Put a virtual trial to the test
What works well in the model must first be proven in practice. A virtual training room was therefore created with the help of partner SYSTEMA. Based on real data from Bosch and Nexperia production, it was possible to create a very realistic digital twin. Based on real data from Bosch and Nexperia production, it was possible to create a very realistic digital twin. "The digital twin depicts the behavior of the production system and directly shows the impact of decisions in the simulation. This allows us to observe whether the decisions made by the system are good or bad. In order to virtually simulate the production process, we carried out specific simulation studies with the software from D-SIMLAB. The AI is therefore still interacting with the digital twin. This is essential in order to further develop the model and make it fit for use in the real world," Jacobi points out. "We also need to build trust in the AI's calculations. To do this, we need the ability to explain the decisions made by the AI system. We are working on this and exchanging ideas in specialist circles, such as at a VDI workshop in which we took part. We are incorporating the valuable insights gained in this way into our project," Jacobi continues.

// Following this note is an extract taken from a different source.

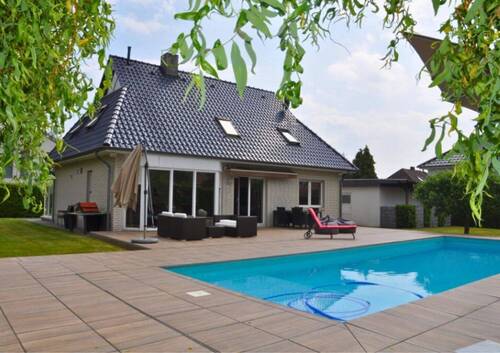 Garten/Pool Ansicht - 4 Zimmer Einfamilienhaus zum Kaufen in Oldenburg / Bürgerfelde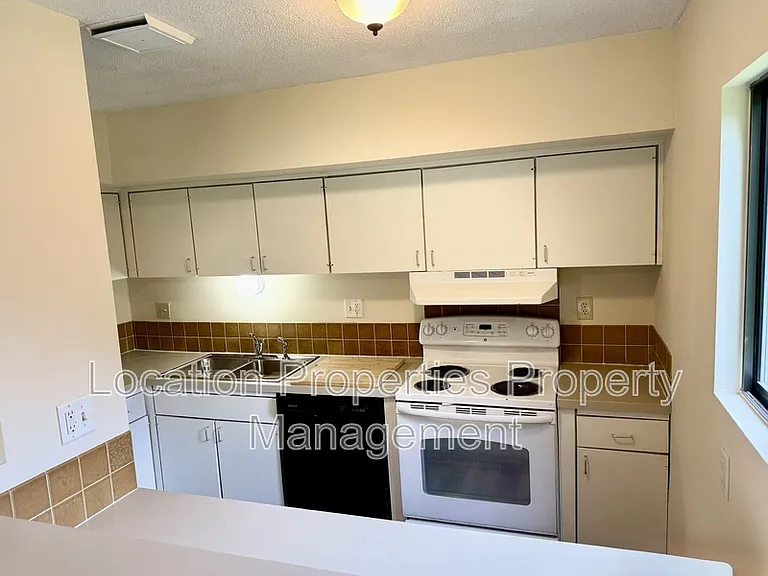 3420 Augusta Dr #1 — Photo 8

By the end of the project in 2024, the project partners want to build an operational prototype. Another milestone is the development of a scheduling agent – software that receives input on the situation in the production environment and returns a decision – so that the AI can also be used in a production environment. One important insight of the project participants can already be summarized: "Artificial intelligence alone is not magic, it only becomes a powerful tool with specific domain knowledge," explains computer scientist Gisbrecht on behalf of the team.